Press Release – Wattie’s
Early next week Wattie’s in the Hawke’s Bay will begin harvesting its beetroot crop which, at 22,000 tonne, will be 50 percent up on last year. Wattie’s Crop Supply Agronomist Tim Agnew says that after some cooler temperatures in early and …December 6, 2012
Another big lift in the Hawke’s Bay beetroot crop
Early next week Wattie’s in the Hawke’s Bay will begin harvesting its beetroot crop which, at 22,000 tonne, will be 50 percent up on last year.
Wattie’s Crop Supply Agronomist Tim Agnew says that after some cooler temperatures in early and mid- November, warmer weather has had a dramatic effect on the crop, and it is “really kicking away” now.
“We will be harvesting baby beets from around December 10, and the harvest overall will continue through until May next year, although these plants are not yet in the ground.
“We made a big step up with the size of our crop last year – a five-fold increase to 14,500 tonnes – following the relocation of production from Australia to take advantage of the scale of our Hastings production site. We’ve now got a further significant lift in the total volume again this year.
“To accommodate such a steep increase in volumes has meant a lot more planning has gone into managing the production increase from planting through to processing the bigger crop. This is similar to the way in which we manage the tomato crop, planting out to match harvest and production several months down the track.”

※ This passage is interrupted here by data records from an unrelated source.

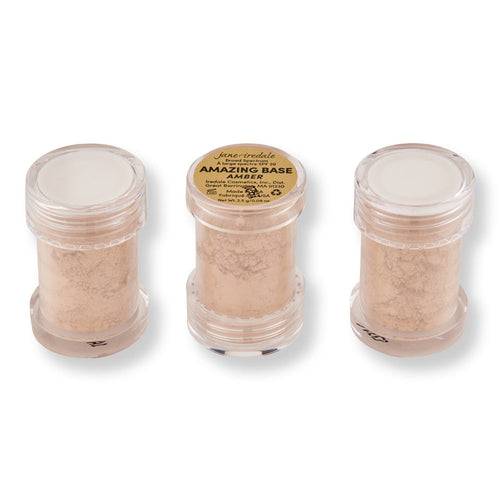 Jane Iredale Amazing Base Refill SPF 20/15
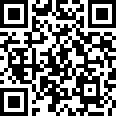 ЇұW(wng)֙C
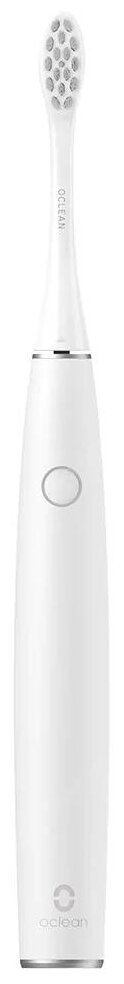    Xiaomi Oclean Air 2 White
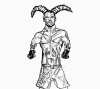 canvas (3).png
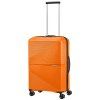 American Tourister AIRCONIC SPINNER 67 Mango Orange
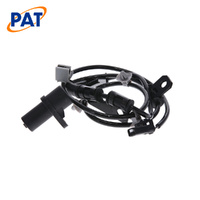 PAT WHEEL SPEED SENSOR WSS-533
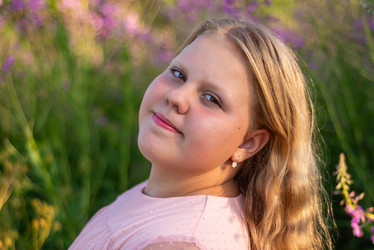 Similar image 21673802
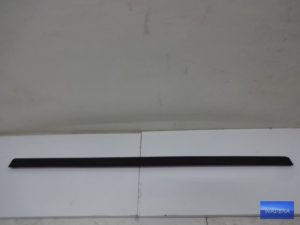3C0857939A Listwa drzwi lewa VW Passat b6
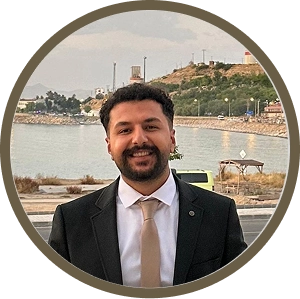 Özal Taşdemir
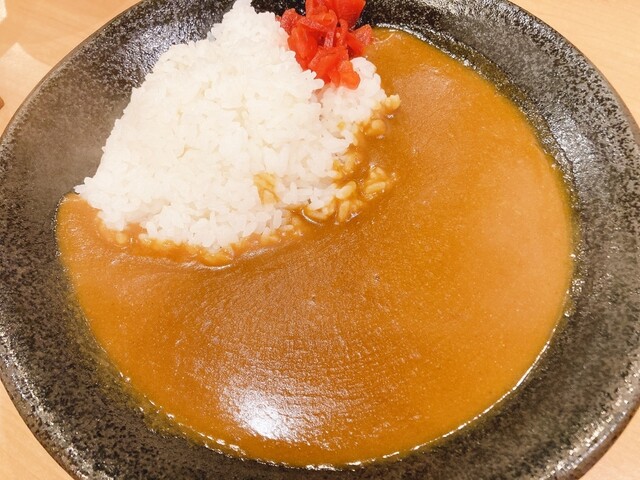 Kodaira Ogawa Shokudo photo 5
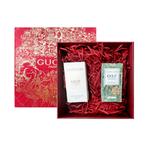 Наборы духов унисекс Gukko - фото 6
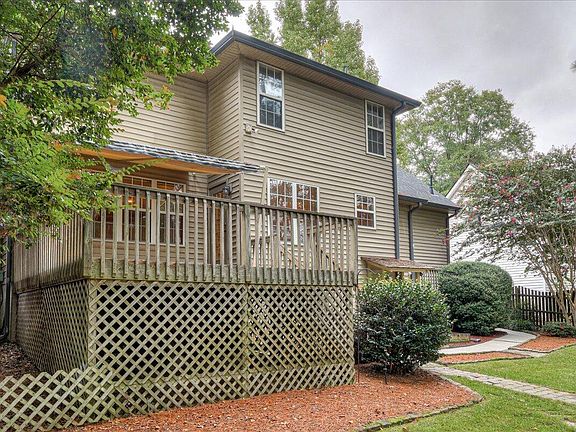 5th image of 4091 Eagle Nest Drive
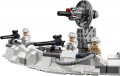 Lego Assault on Hoth 75098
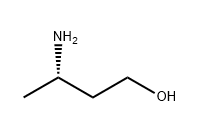 (S)-3-氨基丁醇 ,CAS: 61477-39-2
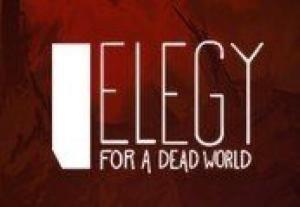 Elegy for a Dead World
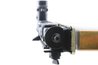 Radiator racire motor MAHLE CR 648 000S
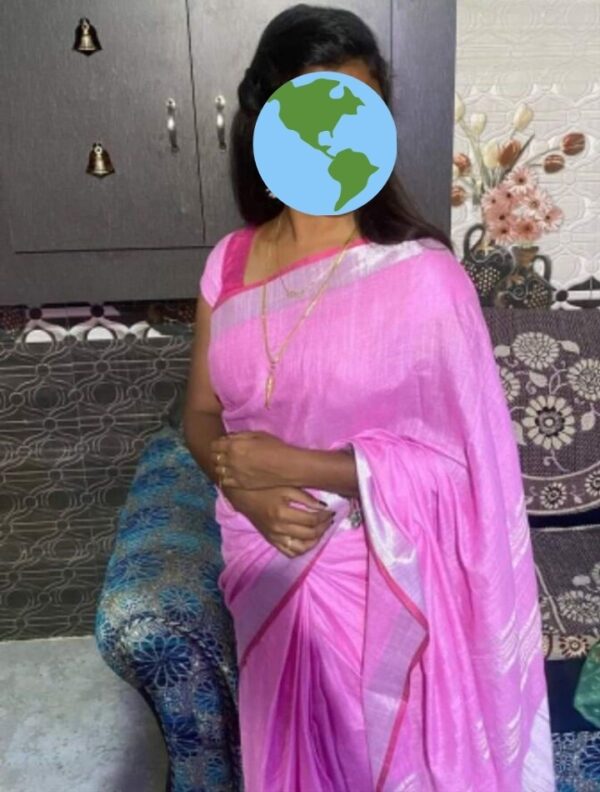 21YEARS SMALL KERALA 78958636 - Image 2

Agnew says that in total there will be 16 weeks of harvesting, with a four-week interruption in March when Wattie’s fruit salad is scheduled to be made. All in all the Wattie’s beetroot harvesters have a big job ahead of them.”
Wattie’s uses the same beetroot variety (Globe) for its baby beets and ‘grown up’ beetroot which is sliced into large rounds for retail, as well as foodservice and restaurant customers for use in products like hamburgers.
The secret to achieving the exacting specifications for the heritage Wattie’s baby beets crop is creating a nursery effect by planting them three-times as densely as large sized beets. The result is perfect baby beets.